# Rossmann Store Sales

Forecast sales using store, promotion, and competitor data

Rossmann operates over 3,000 drug stores in 7 European countries. Currently, Rossmann store managers are tasked with predicting their daily sales for up to six weeks in advance. Store sales are influenced by many factors, including promotions, competition, school and state holidays, seasonality, and locality.
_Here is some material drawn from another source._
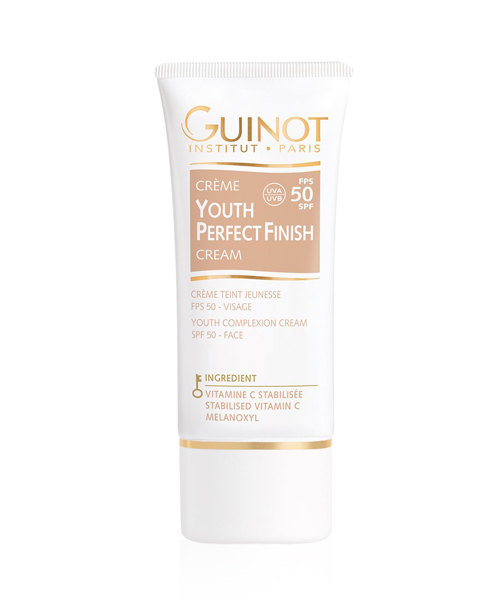 Guinot (Франция) : Youth perfect finish spf 50 : <p>Тональный, защитный и омолаживающий крем для лица спф 50</p>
With thousands of individual managers predicting sales based on their unique circumstances, the accuracy of results can be quite varied.

# 0.0 Motivation

Store managers attended a monthly status meeting.
CFO requested this solution during a monthly status meeting

# 0.1 The Root Cause of the Problem

CFO wants to renovate stores, so he needs a forecast of the next 6 weeks to renovate stores.

# 0.2 Problem Owner

CFO

# 0.3 Solution Format

- Granularity: Forecast sales per day / store in the next 6 weeks  
- Type of problem: Demand / sales forecast
- Potential methods: Time Series
- Delivery Format: Predictions accessed via cell phone.

# 1.0 Imports

In [None]:
#1.1
from IPython.display       import Image
from IPython.core.display  import HTML
#1.3
import pandas as pd
#2.7.1
import numpy as np
import seaborn as sns

#2.1
import inflection

#2.5
import math

#1.0
import warnings
warnings.filterwarnings( 'ignore' )

## 1.1 Helper Function

In [None]:
def cross_validation( x_training, kfold, model_name, model, verbose=False ):
    mae_list = []
    mape_list = []
    rmse_list = []
    for k in reversed( range( 1, kfold+1 ) ):
        if verbose:
            print( '\nKFold Number: {}'.format( k ) )
        # start and end date for validation 
        validation_start_date = x_training['date'].max() - datetime.timedelta( days=k*6*7)
        validation_end_date = x_training['date'].max() - datetime.timedelta( days=(k-1)*6*7)

        # filtering dataset
        training = x_training[x_training['date'] < validation_start_date]
        validation = x_training[(x_training['date'] >= validation_start_date) & (x_training['date'] <= validation_end_date)]

        # training and validation dataset
        # training
        xtraining = training.drop( ['date', 'sales'], axis=1 ) 
        ytraining = training['sales']

        # validation
        xvalidation = validation.drop( ['date', 'sales'], axis=1 )
        yvalidation = validation['sales']

        # model
        m = model.fit( xtraining, ytraining )

        # prediction
        yhat = m.predict( xvalidation )

        # performance
        m_result = ml_error( model_name, np.expm1( yvalidation ), np.expm1( yhat ) )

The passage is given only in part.